In above formula, as you notice, in metabolic acidosis, the value of HCO3 will be reduced, therefore, in a normal anion gap metabolic acidosis, the value of Cl will be increased so that the value of anion gap remains unchanged, therefore, normal anion gap metabolic acidosis also can be named as hyperchloraemic acidosis.

RENAL TUBULAR ACIDOSIS TYPE 1


It is the commonest RTA. It is known as distal RTA. It is due to failure of the kidney to create acid urine because the distal tubule fails to exchange Na for H.
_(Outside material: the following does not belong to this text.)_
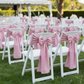Outdoor garden event with dusty rose pink chair sashes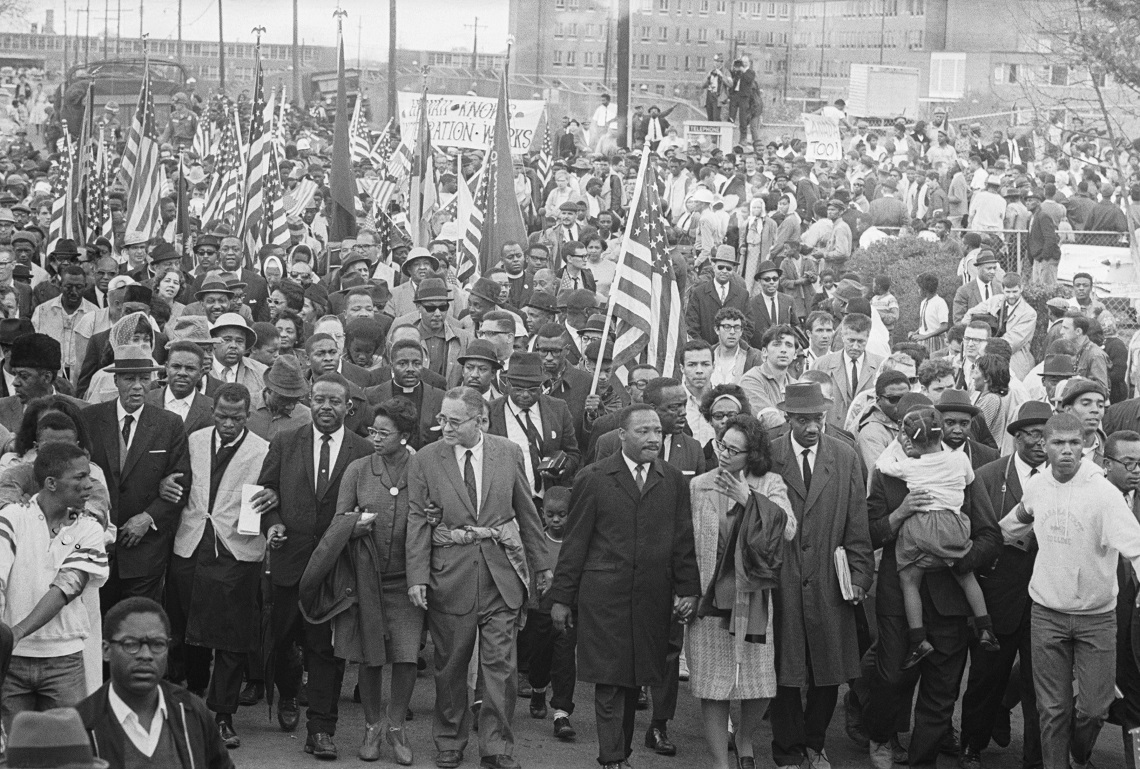 In occasione della marcia partita da Selma il 25 marzo 1965, Martin Luther King, arrivato alle porte del palazzo del governatore dell’Alabama, pronunciò uno dei suoi discorsi più toccanti: How long? Not long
Remember that RTA can be due to either congenital or acquired. For RTA type I causes for acquired one include DISTAL+O

D - Vit D excess
I -Inflammatory/ autoimmune- such as chronic active hepatitis, Sjogren’s syndrome.
S -Sickle Cell Disease
T -Transplanted kidney
A -Amphotericin, analgesics (drugs)
L -Lithium
O -Others- medullary sponge kidney

Remember a few features that are characteristics to distal RTA, they are,

1)Hypercalciuria and risk of stone formation and nephrocalcinosis,
2)Plasma HCO3 tends to be lower than proximal,
3)Urine PH always more than 5.5

to be continued......................

1 comment:

Dr Zorren said...

MUD-PILES are the causes of increased anion gap. just pointing out to correct the typo . Thanks.